Now, with OneDrive, cloud storage, Exchange, SharePoint, etc, people expect that Word, Excel, PowerPoint, etc should work seamlessly with multiple users simultaneously editing documents.

Even IDEs and code editors have ‘network access’ now—VS Code can download and update itself and any extensions, connect to remote SSH hosts and GitHub Codespaces, use extensions that themselves connect to the Internet (like Copilot), etc.

People have come to expect some form of self-updating mechanism now even for the smallest programs (consider Rufus, an ISO burning program which can update itself, download ISOs to burn to USB drives, etc), and it’s counterproductive to just blanket-ban everything from accessing the Internet, as things are likely to stop working as expected.

1 comments

> Now, with OneDrive, cloud storage, Exchange, SharePoint, etc, people expect that Word, Excel, PowerPoint, etc should work seamlessly with multiple users simultaneously editing documents.

How many people do actually use these features in these programs?
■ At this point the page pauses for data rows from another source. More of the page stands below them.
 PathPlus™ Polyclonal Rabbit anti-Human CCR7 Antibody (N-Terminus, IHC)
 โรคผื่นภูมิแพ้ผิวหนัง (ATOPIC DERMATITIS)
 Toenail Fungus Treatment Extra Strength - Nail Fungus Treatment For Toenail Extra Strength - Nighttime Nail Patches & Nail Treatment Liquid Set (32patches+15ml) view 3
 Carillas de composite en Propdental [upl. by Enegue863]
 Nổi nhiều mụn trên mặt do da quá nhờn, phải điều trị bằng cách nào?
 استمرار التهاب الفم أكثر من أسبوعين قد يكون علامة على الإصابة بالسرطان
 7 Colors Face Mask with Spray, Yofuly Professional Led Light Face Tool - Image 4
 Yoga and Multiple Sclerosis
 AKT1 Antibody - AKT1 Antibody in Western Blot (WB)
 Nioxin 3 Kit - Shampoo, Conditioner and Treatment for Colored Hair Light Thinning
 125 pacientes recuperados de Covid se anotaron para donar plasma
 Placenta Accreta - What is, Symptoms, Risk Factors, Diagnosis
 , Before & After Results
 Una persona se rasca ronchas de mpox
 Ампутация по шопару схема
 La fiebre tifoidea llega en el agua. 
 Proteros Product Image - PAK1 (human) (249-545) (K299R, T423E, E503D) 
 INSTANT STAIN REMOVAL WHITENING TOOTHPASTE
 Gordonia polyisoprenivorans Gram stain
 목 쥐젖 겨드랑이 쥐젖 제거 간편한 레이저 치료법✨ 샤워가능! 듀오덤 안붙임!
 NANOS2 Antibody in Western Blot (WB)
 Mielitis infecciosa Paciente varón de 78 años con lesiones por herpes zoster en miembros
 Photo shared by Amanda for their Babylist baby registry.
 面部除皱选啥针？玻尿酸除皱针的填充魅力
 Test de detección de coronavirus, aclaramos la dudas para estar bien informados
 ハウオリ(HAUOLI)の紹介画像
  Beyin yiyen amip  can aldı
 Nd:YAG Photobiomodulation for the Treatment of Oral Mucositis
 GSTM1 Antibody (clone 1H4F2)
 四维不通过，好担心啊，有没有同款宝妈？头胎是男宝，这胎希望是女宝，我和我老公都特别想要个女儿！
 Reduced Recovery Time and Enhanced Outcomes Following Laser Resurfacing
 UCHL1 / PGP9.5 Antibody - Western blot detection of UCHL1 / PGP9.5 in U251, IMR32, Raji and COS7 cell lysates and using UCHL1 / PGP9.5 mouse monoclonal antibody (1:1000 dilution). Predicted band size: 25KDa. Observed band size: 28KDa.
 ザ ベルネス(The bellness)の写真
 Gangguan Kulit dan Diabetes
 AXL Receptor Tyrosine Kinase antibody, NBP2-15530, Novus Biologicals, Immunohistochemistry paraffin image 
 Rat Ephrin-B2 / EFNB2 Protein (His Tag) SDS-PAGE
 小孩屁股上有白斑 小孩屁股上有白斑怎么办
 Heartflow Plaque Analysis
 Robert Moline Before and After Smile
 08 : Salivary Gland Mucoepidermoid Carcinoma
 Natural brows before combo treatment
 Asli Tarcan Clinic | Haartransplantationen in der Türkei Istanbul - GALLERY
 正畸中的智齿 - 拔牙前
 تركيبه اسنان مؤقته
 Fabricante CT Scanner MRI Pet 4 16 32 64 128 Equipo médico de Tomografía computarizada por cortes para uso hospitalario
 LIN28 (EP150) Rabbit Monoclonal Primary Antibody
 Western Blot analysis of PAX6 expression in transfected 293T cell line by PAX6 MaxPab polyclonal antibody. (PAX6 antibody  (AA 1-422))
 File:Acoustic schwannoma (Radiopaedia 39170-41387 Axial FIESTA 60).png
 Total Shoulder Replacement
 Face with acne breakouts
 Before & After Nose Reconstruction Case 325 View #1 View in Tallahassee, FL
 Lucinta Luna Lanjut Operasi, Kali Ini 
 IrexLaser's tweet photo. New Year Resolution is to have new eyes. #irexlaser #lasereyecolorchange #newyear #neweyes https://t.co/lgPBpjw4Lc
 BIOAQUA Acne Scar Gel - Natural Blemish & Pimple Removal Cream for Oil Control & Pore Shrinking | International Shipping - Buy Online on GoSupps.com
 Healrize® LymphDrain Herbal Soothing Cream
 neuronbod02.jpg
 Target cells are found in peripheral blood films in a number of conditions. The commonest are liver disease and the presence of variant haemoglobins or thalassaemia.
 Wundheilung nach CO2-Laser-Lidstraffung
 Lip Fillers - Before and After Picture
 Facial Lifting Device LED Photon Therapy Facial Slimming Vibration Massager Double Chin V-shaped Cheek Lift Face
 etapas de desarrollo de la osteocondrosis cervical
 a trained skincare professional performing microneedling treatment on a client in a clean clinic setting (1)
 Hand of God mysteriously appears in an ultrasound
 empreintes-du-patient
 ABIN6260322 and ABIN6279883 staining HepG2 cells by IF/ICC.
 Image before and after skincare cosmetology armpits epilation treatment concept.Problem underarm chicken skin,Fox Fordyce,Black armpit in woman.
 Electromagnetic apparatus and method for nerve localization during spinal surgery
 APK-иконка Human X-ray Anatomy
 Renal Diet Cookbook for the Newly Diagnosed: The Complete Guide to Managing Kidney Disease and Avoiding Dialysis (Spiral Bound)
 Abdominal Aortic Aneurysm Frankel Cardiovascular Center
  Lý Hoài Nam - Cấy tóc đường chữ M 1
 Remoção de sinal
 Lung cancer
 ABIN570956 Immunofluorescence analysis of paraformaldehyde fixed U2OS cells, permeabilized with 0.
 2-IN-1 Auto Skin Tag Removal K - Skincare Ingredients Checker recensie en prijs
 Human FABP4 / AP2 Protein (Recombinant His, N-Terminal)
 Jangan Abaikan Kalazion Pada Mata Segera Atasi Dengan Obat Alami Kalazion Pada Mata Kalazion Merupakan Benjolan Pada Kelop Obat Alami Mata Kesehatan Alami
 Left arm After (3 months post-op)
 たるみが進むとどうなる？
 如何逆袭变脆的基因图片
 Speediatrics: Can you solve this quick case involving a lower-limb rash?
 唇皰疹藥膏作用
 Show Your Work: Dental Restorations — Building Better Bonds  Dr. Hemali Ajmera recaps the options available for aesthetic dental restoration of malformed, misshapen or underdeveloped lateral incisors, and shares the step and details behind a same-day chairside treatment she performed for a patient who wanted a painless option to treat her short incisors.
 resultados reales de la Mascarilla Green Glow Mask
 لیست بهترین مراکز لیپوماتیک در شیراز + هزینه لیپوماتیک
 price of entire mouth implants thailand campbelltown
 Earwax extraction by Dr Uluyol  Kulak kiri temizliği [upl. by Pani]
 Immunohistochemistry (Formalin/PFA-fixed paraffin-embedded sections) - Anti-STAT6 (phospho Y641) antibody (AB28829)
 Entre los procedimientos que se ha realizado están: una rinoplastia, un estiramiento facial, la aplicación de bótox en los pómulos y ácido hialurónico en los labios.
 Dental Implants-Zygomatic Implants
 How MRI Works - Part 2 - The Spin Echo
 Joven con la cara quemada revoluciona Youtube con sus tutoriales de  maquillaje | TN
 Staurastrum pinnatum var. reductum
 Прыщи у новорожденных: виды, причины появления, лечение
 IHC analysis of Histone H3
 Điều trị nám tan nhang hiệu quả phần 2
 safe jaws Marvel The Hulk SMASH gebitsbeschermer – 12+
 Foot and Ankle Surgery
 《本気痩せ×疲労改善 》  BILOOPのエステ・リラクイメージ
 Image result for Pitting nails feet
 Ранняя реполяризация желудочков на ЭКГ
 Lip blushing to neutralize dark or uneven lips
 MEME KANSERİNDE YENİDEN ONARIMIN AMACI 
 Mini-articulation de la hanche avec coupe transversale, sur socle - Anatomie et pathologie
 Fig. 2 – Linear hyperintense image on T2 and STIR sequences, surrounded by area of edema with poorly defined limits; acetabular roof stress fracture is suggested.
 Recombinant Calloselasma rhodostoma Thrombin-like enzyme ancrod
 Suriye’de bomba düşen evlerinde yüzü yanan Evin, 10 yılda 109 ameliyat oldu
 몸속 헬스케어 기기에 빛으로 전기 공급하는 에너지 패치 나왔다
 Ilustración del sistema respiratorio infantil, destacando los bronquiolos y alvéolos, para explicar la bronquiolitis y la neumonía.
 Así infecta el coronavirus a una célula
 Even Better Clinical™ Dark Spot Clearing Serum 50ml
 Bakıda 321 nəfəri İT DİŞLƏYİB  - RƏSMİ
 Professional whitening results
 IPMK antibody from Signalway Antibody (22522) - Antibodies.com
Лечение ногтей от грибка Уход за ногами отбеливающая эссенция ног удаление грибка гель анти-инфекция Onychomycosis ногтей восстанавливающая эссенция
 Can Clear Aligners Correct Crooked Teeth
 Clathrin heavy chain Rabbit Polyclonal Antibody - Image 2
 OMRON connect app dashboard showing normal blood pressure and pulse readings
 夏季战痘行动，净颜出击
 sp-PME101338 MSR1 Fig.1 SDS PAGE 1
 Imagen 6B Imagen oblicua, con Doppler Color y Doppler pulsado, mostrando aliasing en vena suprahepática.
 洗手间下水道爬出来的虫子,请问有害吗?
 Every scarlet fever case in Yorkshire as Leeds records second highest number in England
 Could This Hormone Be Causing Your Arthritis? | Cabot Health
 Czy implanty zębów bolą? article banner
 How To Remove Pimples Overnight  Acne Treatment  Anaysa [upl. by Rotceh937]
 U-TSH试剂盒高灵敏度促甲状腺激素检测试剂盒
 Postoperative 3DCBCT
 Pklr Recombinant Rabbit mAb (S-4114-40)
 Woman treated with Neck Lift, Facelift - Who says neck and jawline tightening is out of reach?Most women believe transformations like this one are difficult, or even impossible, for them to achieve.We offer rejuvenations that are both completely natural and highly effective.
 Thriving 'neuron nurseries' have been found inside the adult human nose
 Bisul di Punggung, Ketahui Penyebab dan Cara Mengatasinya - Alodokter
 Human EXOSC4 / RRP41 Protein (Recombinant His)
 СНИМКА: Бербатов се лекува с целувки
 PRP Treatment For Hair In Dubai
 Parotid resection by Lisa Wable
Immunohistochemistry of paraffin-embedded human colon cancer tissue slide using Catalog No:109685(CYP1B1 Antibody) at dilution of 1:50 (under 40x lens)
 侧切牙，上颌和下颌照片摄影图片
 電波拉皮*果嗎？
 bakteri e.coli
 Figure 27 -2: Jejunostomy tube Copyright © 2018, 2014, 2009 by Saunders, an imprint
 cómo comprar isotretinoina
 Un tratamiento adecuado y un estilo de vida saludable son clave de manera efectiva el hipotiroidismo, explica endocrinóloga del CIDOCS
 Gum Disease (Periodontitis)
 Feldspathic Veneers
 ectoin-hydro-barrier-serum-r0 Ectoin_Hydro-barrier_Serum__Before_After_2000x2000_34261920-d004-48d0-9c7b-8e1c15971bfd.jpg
I myself have always seen them as nothing but bloat, a symptom of the IT industry utterly lacking a notion of a project being finished and not needing any further work. Maybe these features should come as plugins that you can optionally install. At least that's how I'd do it.

Usually, when someone wants to collaboratively edit a document or a spreadsheet, they use Google Docs. It being web-first also helps.

> Even IDEs and code editors have ‘network access’ now

And as an Android developer, I despise how Android Studio, or the Gradle Android plugin, or both of them, can just shamelessly download 100-something megabytes of some crap without asking, expecting that you have a network connection capable of that, sometimes not even showing the fact that they're accessing the network in the UI, and refusing to operate if that download fails. Eclipse didn't do that. Though it was terrible in many other ways.

> People have come to expect some form of self-updating mechanism now even for the smallest programs

Honestly, I expect smallest programs to be complete and not need any updating.